» **TASK INPUT**:
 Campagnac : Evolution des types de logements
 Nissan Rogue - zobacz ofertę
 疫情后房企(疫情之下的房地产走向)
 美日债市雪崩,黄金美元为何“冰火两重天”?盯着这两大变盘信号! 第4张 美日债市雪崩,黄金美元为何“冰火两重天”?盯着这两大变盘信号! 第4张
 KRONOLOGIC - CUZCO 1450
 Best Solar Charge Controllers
* * *
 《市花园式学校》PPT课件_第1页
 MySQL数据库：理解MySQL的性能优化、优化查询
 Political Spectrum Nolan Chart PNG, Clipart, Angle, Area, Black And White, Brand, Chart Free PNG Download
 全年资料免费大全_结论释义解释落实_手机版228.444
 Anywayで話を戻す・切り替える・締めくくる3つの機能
...
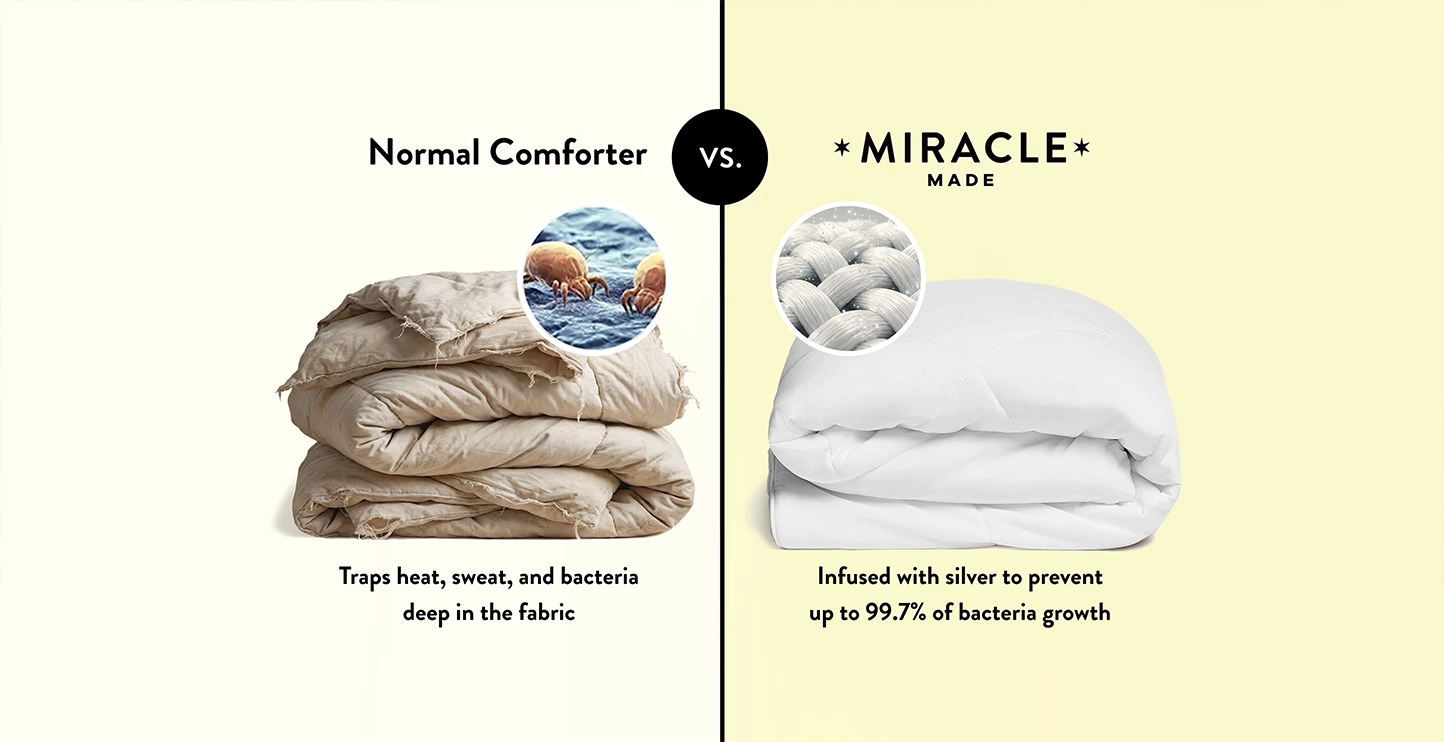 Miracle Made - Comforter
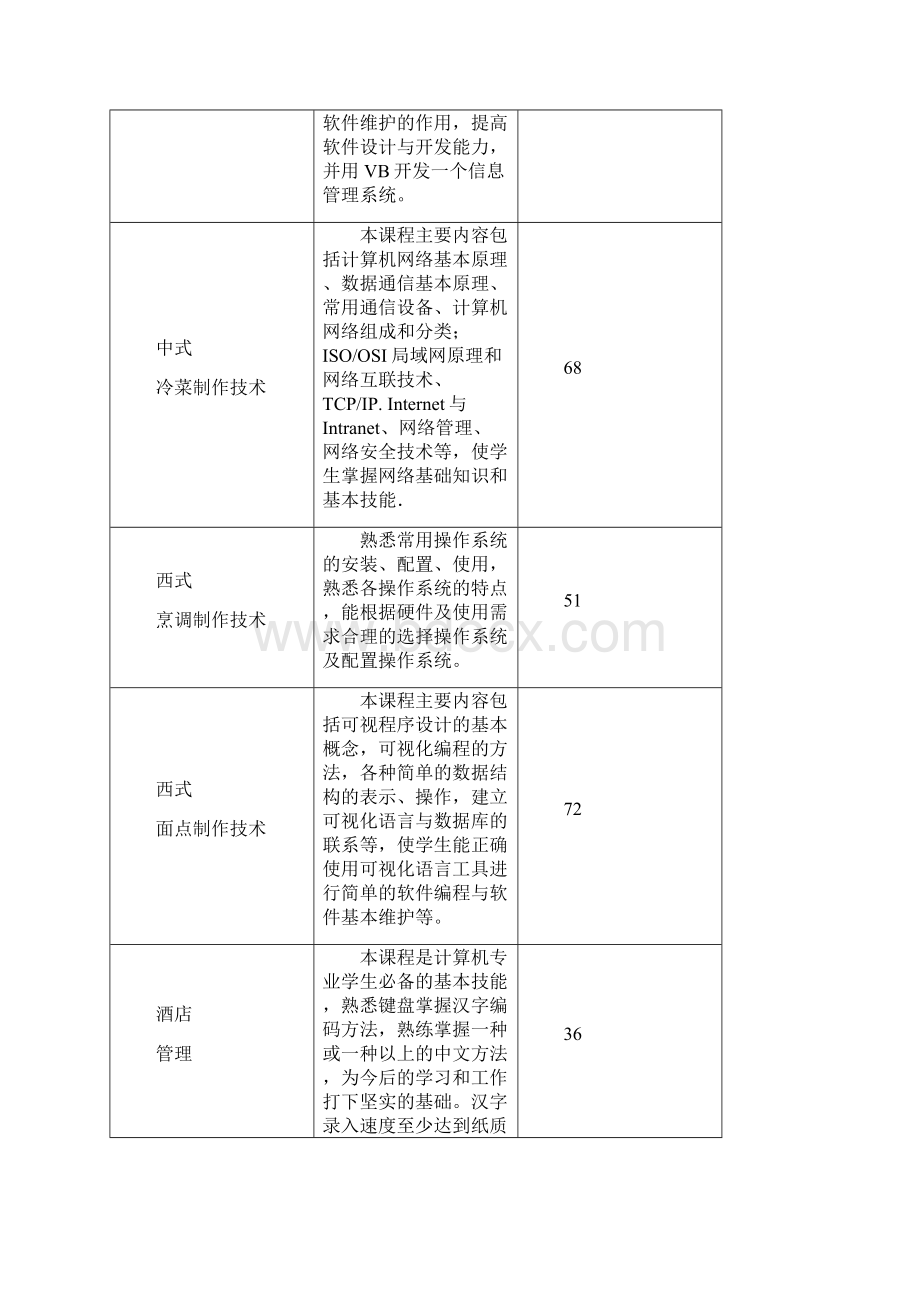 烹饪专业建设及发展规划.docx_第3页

» **GOAL OF THE EXERCISE**: Every line above from the line with "疫情后房企(疫情之下的房地产走向)" to the line with "Best Solar Charge Controllers", inclusive, must be returned exactly; no other line belongs in the reply.

» **REPLY TO THE TASK**:
 疫情后房企(疫情之下的房地产走向)
 美日债市雪崩,黄金美元为何“冰火两重天”?盯着这两大变盘信号! 第4张 美日债市雪崩,黄金美元为何“冰火两重天”?盯着这两大变盘信号! 第4张
 KRONOLOGIC - CUZCO 1450
 Best Solar Charge Controllers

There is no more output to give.